He took a deep breath, at last feeling the familiar pressure build behind his raw eyes. He knew what would follow soon, and he was glad. "...always thought he had nine lives," he whispered to Hilde. "I thought he'd reserve at least one for me..."
Her hand squeezed his knee. "He did," she said.
Duo never got a chance to reply, as the music stopped and the backdrop murmur vanished.
Quatre stepped up to the podium, grabbing both sides for support and attention. "We are gathered here today..."
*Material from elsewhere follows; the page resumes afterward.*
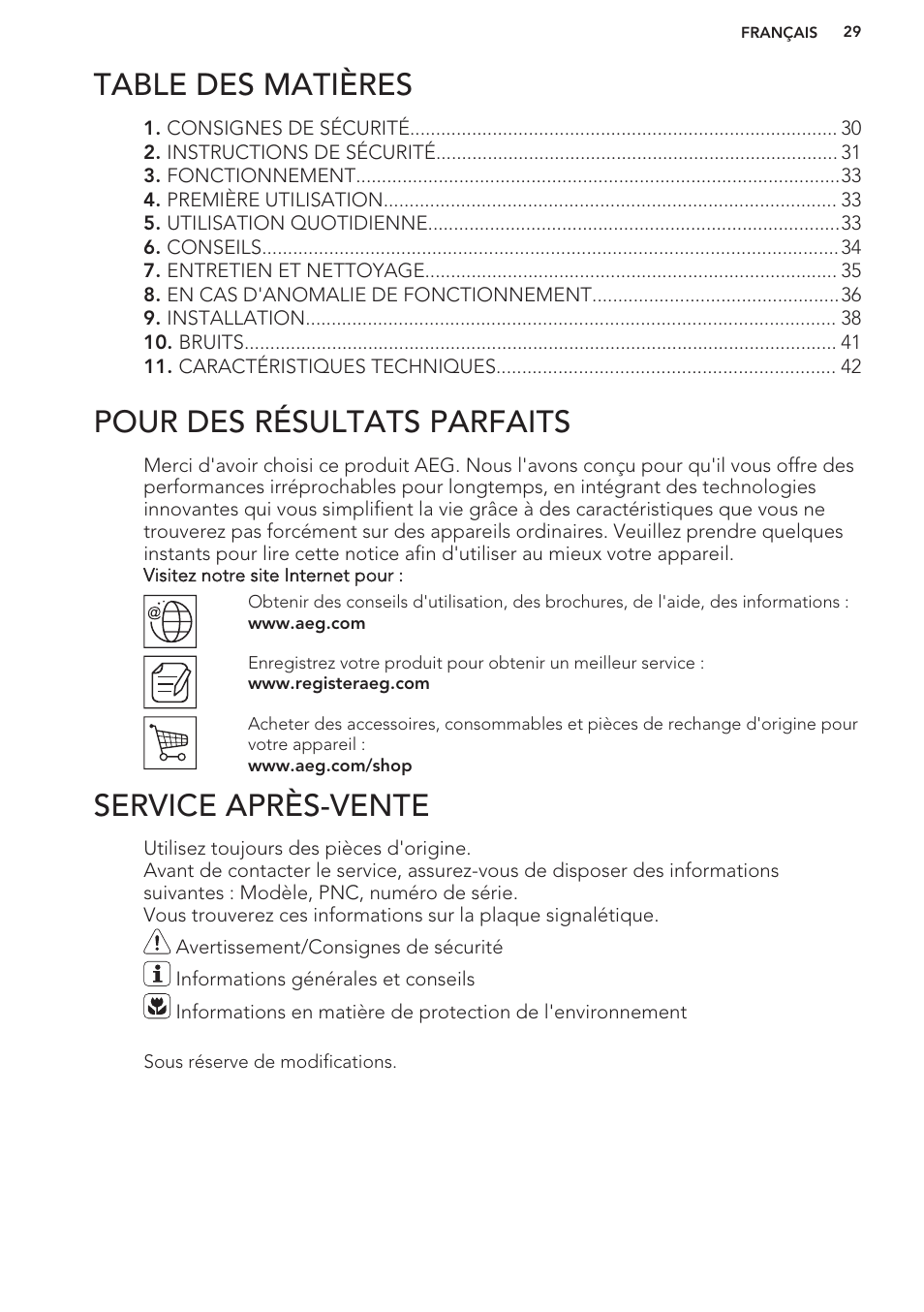 AEG S71449TSW0 User Manual | Page 29 / 60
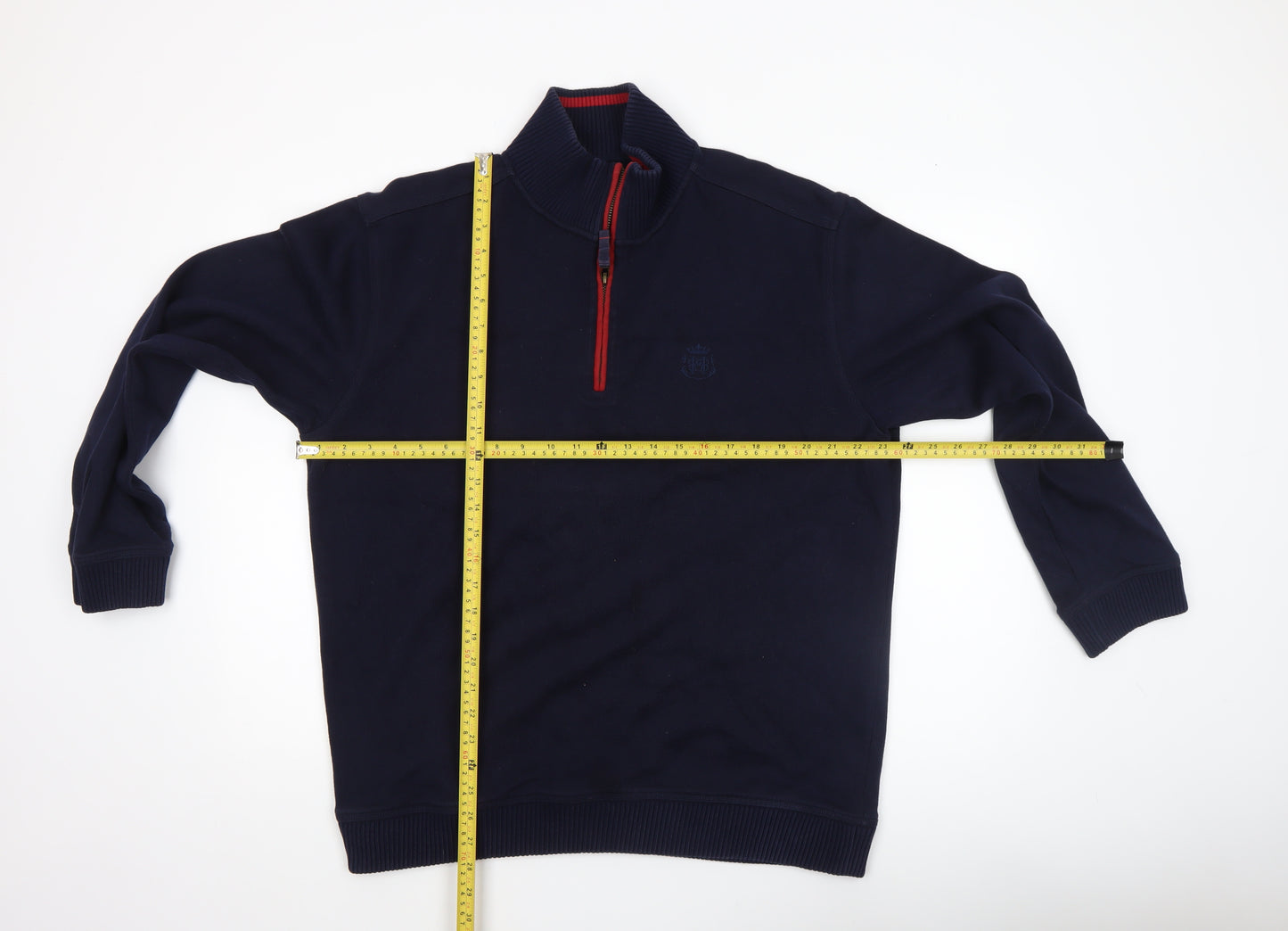 Marks & Spencer Blue Harbour Men’s Navy 1/4 Zip Cotton Sweatshirt L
"...to commemorate a good, honest man, a loved and treasured man. All his life, he's been the wall we've come to lean on, the solid pillar that has kept us up. And now, he is gone - but he shall never be forgotten." His right hand started shaking, his fingertips tapping the wood. Quatre relaxed the grip before anyone beyond the front row could hear. "There are few words adequate to describe him, but I'm still going to try." He paused, brought his wrinkled hand to his mouth and coughed into it. "I've known him since we were..." he started, then shook his head. "No, we were never truly children, not for more than a few fleeting moments in between - but I've known him since we were very young. He would never cease trying to lift our spirits, to help in whatever way he deemed most effective." His lips curled into a sort of smile. "He didn't always make the best choices, but he made them with the best of intentions. That's more than many of us can say. He never lost the will to help, to make the place a better, more fair place - and he never quelled his need to lash out against what he considered wrong in the world." The man reached his gnarly fingers to his hair, brushing through the scant, white locks at his scalp, his jaw loose as he looked out over the people gathered in the small chapel. A vague, long-forgotten memory resurfaced, but drowned out again, leaving nothing at all. His jaw closed, opened again.
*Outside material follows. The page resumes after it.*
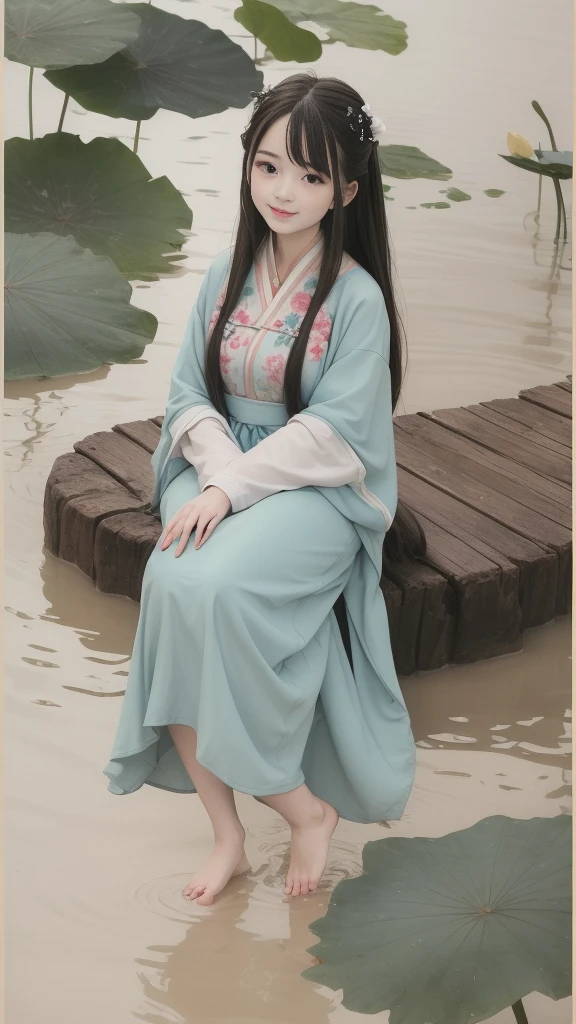 ((4k,masterpiece,best quality)), Bisim, Traditional Chinese ink painting, lotus, hanfu, maxiskit, Dress conservatively 1girl, Solitary, Blue long hair, Smile, permanent, Feet in water, barefoot,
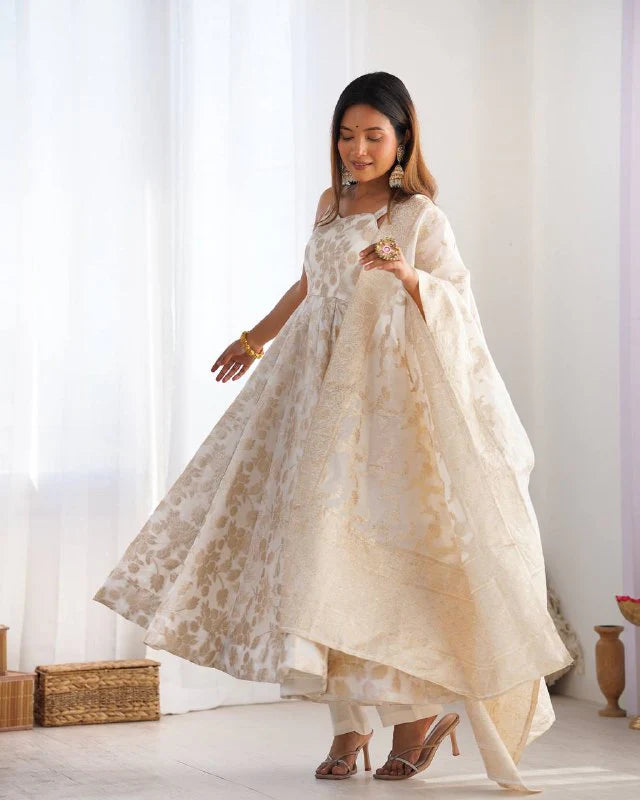 LadyVastara Royal Banarasi Jackquard Dola Silk Anarkali Gown Set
Trowa recognized it before anyone else; he'd seen it several times before, and he'd feared it'd happen. Hilde stood up with him, but they were beaten on the short trek up to the podium.
"Uncle Quatre? Want me to take over?"
Quatre knitted his bushy brows, squinting at the younger man, trying to recognize him.
Trowa took a firm hold of Quatre's arm. "Come, love," he whispered in his ear.
The old man started to smile. "Trowa..." he looked around, the blank expression returning. "This isn't home..." he whispered back.
"No, Quatre. Come, let's take a walk together."
Again, he smiled, tapping his palm over Trowa's.
Hilde took hold of his other arm, and together, the three seniors shuffled down the three steps to the chapel floor, then walked over to the small annex at the left. Before she closed the door behind them, she glanced up at the podium, at the coffin, at the man picking up the eulogy where Quatre had left off. She closed her eyes tight for a moment, knowing this would not be her final goodbye; most likely she'd never finish saying goodbye.
Concerned with guiding Quatre safely down on the wooden bench in the anteroom, it took Trowa a moment to register Hilde sitting down at Quatre's other side. "You should go back out there, Hilde. The sermon-"
She tucked one of Quatre's bright locks back behind his ear, then straightened her black dress. "I can't do anything for the dead, Trowa. I can only care for the living."
He slowly caressed Quatre's cheek, eliciting a distant smile. "He was your husband, Hilde."
Her lips pressed together in a thin line. "We never married," she curtly replied.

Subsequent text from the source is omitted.